=== Problem ===
Give again, word for word, each line of the data from the first through the one containing "Los Angeles Apparel". Pictures stay out.

++++++

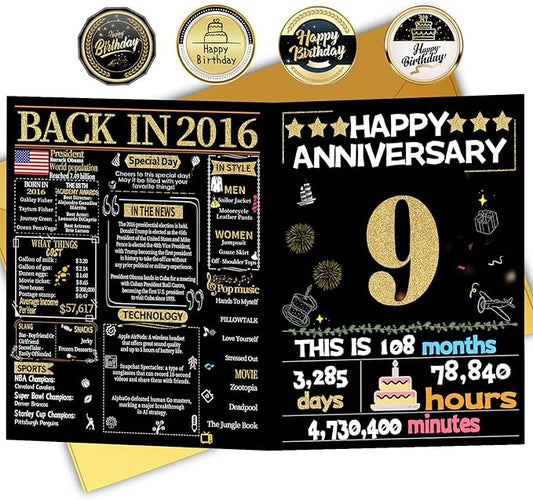 Joycard 9th Anniversary Card for Women Men, Gold Wedding Card for Wife Husband, Sweet Marriage Decorations Gifts for Couple, Perfect for Her Him on Anniversary Day, Back in 2016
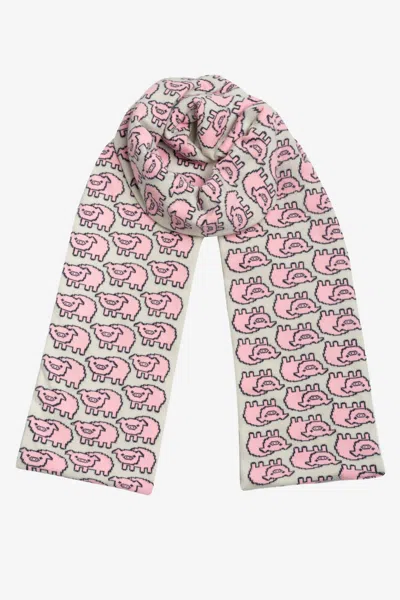 Los Angeles Apparel Jqscarf38 - Pig Scarf In Light Pink/denim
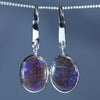 Australian Boulder Opal Matrix Silver Earrings (12mm x 9mm) Code - V124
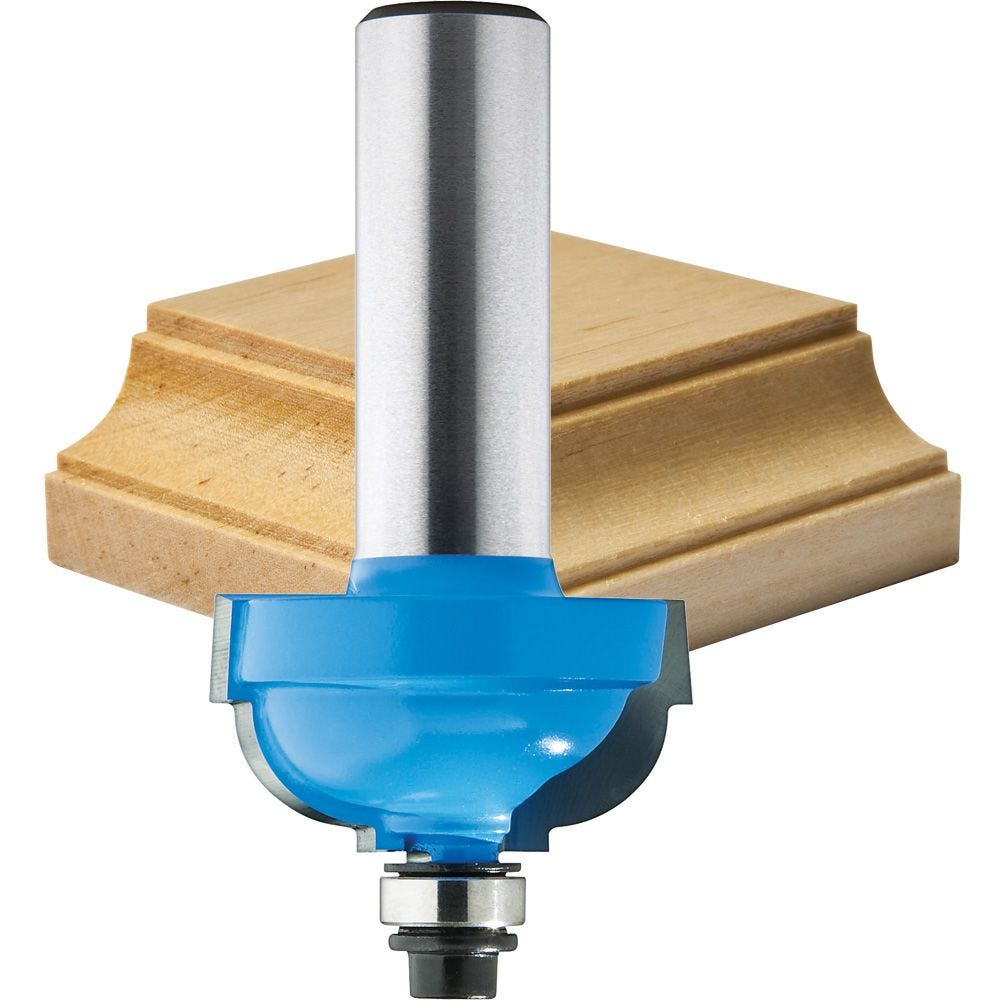 Details about    1 NEW  Grizzly 1/4" R 1-1/8" OD Classic Cove Carbide Tip Router Bit Shank g2 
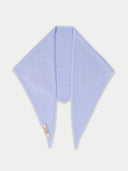 Light blue triangle scarf on a white background.  #color-cashmere-blue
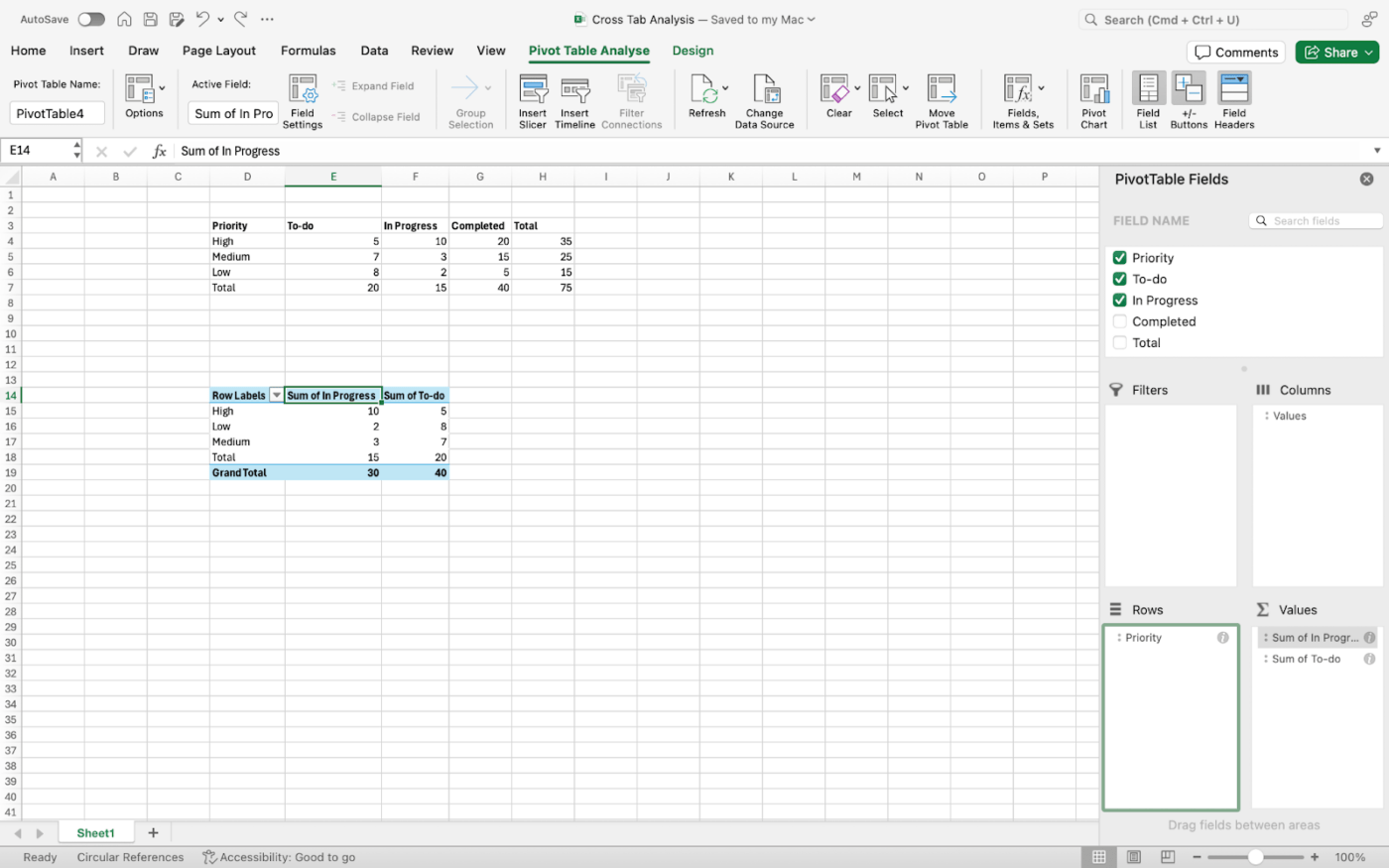 Choosing fields for your PivotTable to do cross-tabulation analysis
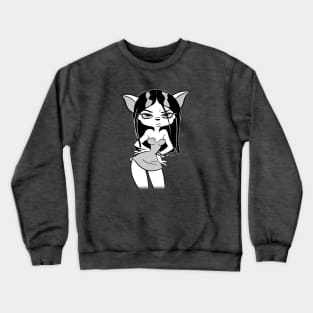 Grumpy Kitten Retro 30s Cartoon Rubber Hose Style Crewneck Sweatshirt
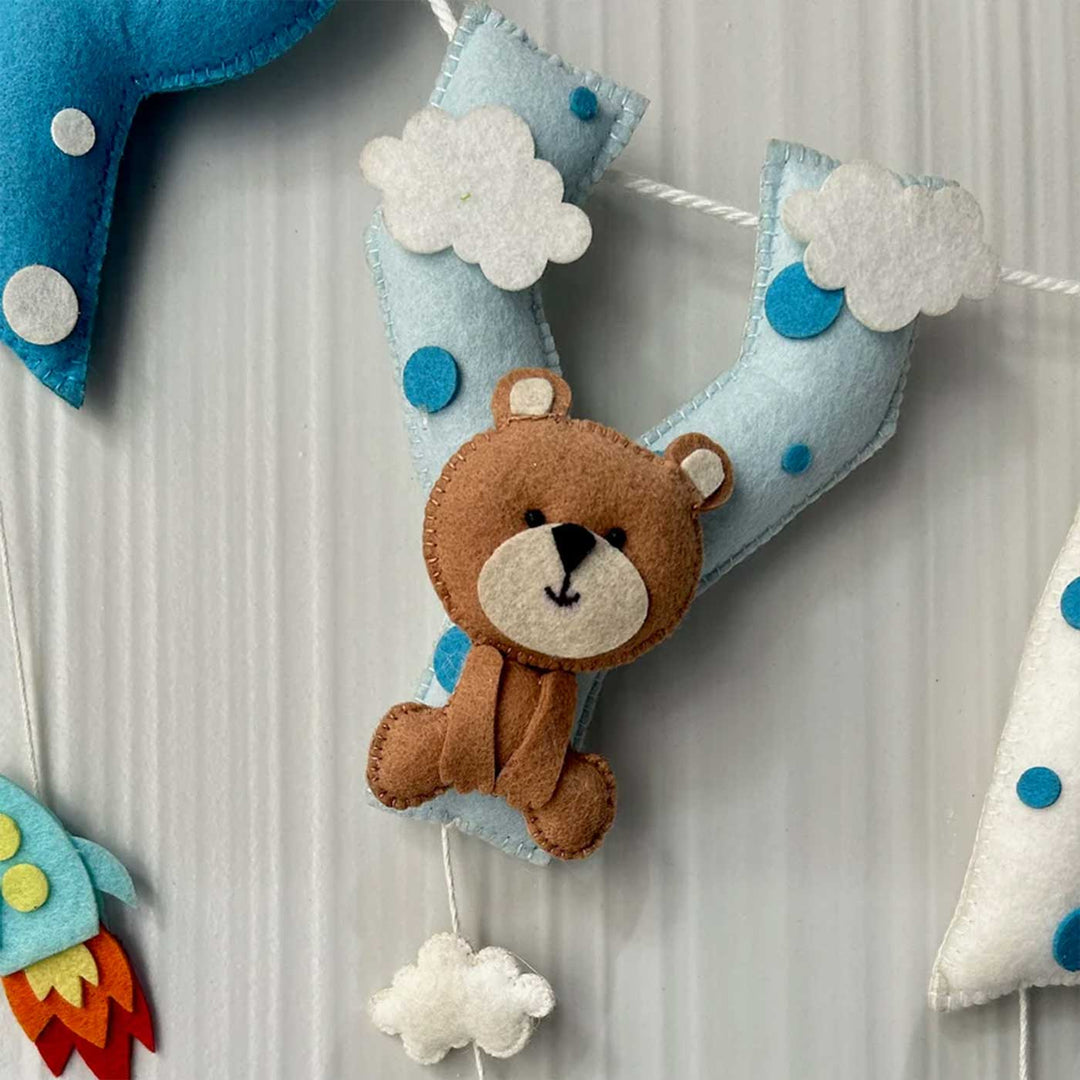 Personalized Teddy On A Plane Name Bunting Garland Felt Bunting / Garland For Kids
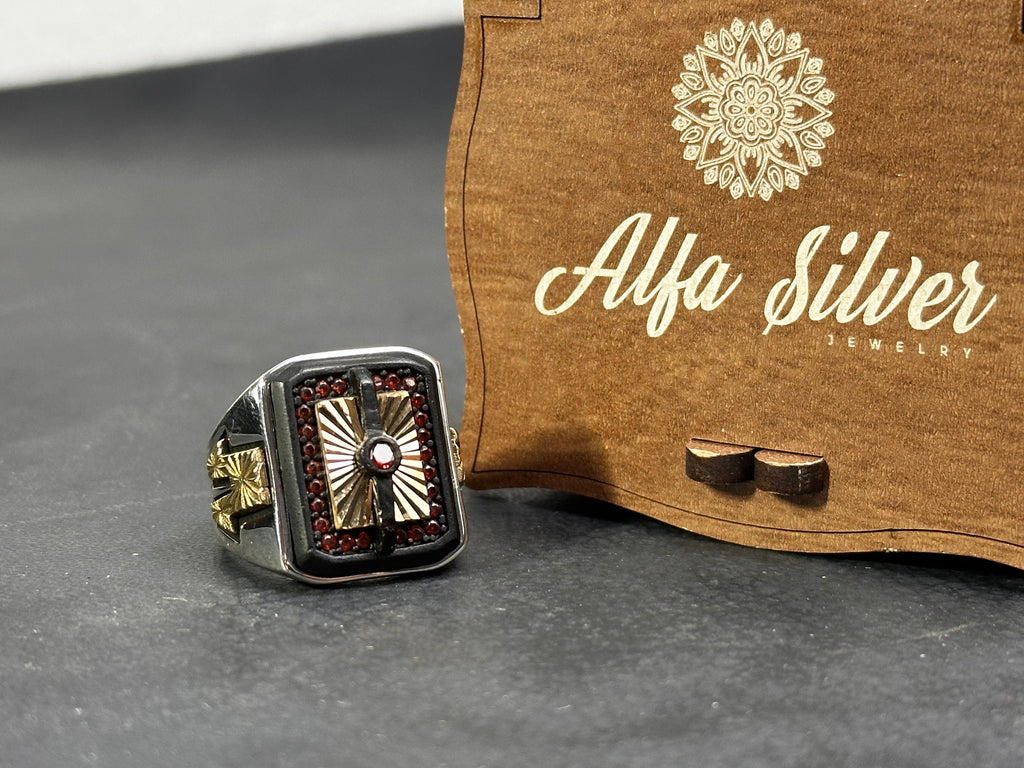 Sterling Silver Ring: Sunrise Geometric Style - Celestial Jewelry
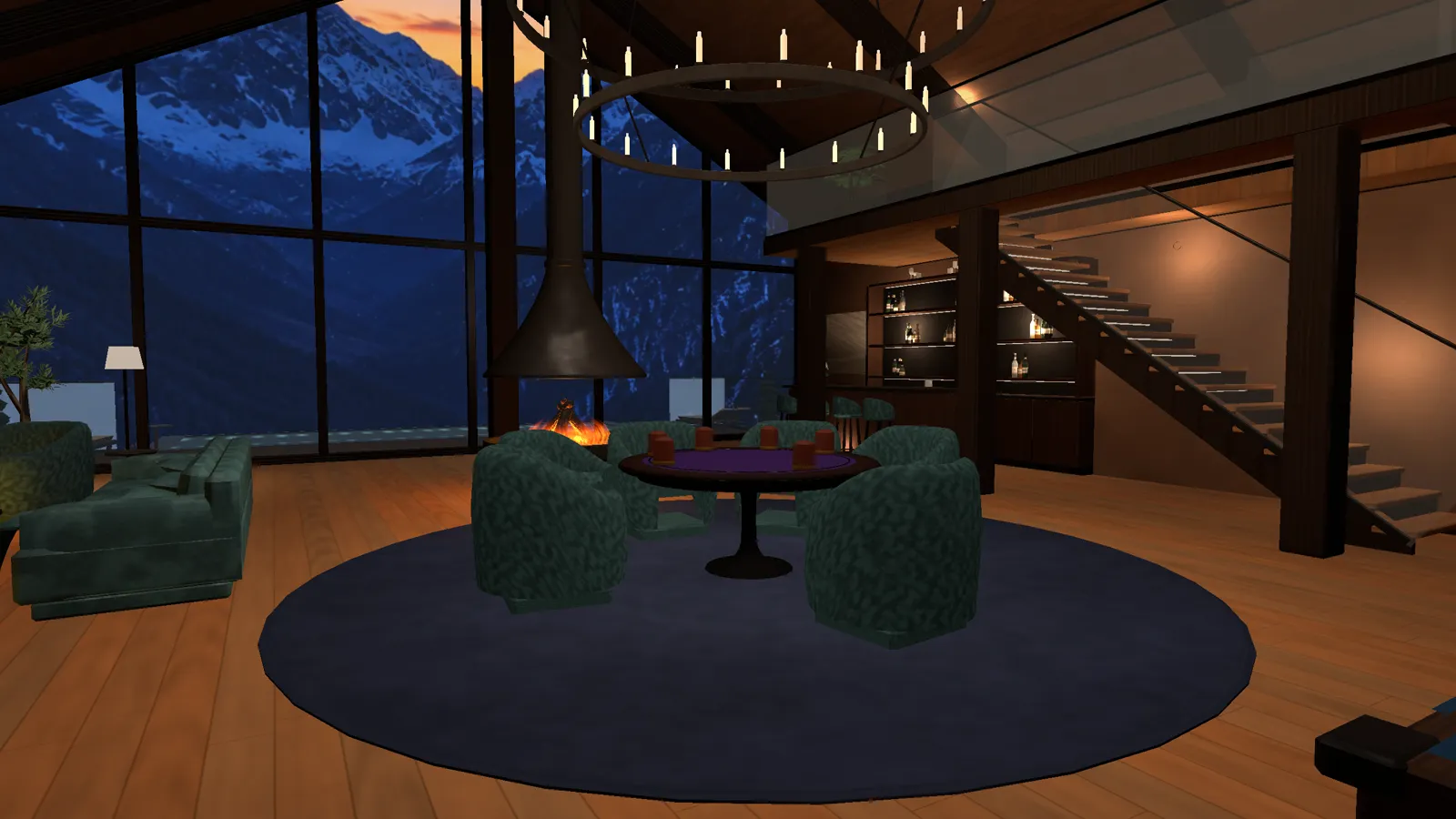 The Mountain Chalet: armchairs around a table by a hanging fireplace, snowy peaks through tall windows.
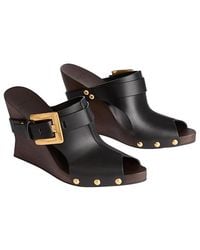 Balmain - Anthem Wedge Smooth Leather Mules - Lyst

++++++

=== Output for this exercise ===
 Joycard 9th Anniversary Card for Women Men, Gold Wedding Card for Wife Husband, Sweet Marriage Decorations Gifts for Couple, Perfect for Her Him on Anniversary Day, Back in 2016
 Los Angeles Apparel Jqscarf38 - Pig Scarf In Light Pink/denim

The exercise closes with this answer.